Panic Buying and Stupid Government

There are lots of floods around in England at the moment. They aren't affecting me yet, which is good. But the government in badly-affected areas has advised people not to panic buy. That is stupid.

Panic buying is an understandable reaction to the possibility of being cut off from supplies of water and food. You buy enough to last a couple of weeks. The problem with panic buying is that shops do not stock enough for everyone to last a couple of weeks. The aim in this sort of situation is to make sure that everyone gets enough to survive for however long it takes before easy access to food and water is restored, which means that me going to Tescos and buying all their bottled water is not helpful for everyone else.

But advising people not to do it is really stupid. Because then some people do it anyway, running the risk that there isn't going to be enough left for the people who don't. In other words, advising people not to do it automatically means that you are giving the people who ignore your advice more chance than the people who do not ignore your advice. In other words, it is discriminating against the people who think you are sensible and giving the people who don't trust you even more reason not to do so.

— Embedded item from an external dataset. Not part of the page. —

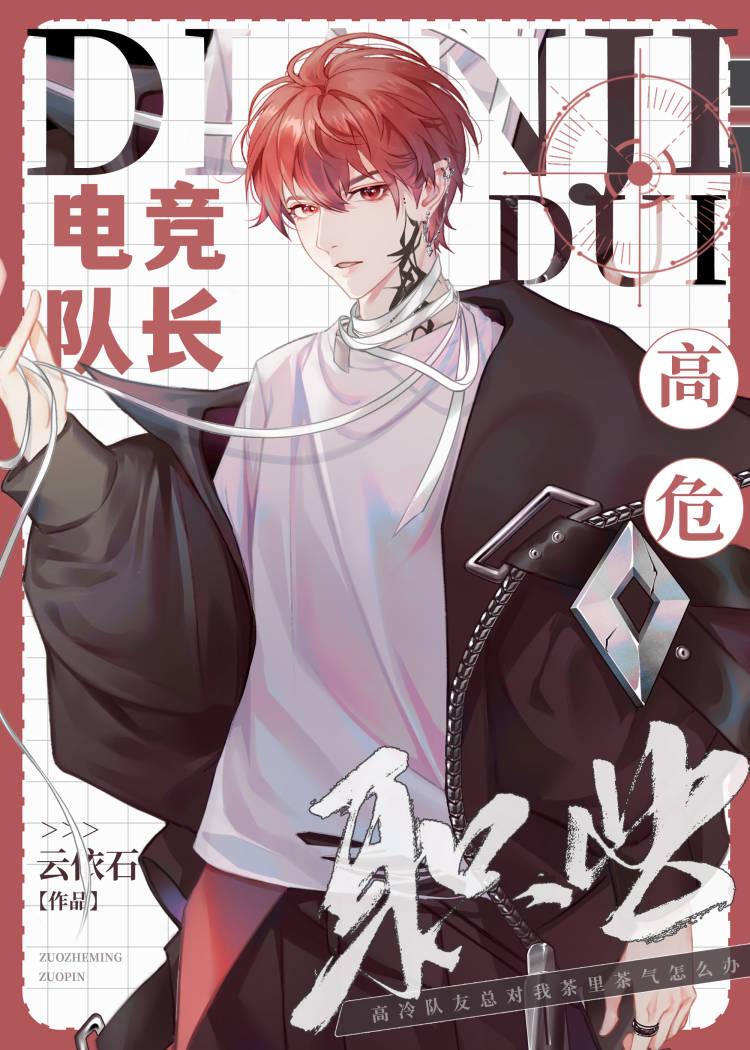 电竞队长，高危职业封面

Introducing rationing - fine. Introducing non-linear pricing schemes, clever, if you can get them to work. Making an emergency law against panic buying then shooting anyone who breaks it - unethical, but it'd work. Saying "if this lasts longer than 5 days, we will make sure you have enough food and water. We'll fly it in if we need to." - good. But advising people not to panic buy, stupid, because too high a proportion will ignore you, making ignoring your advice the optimal strategy.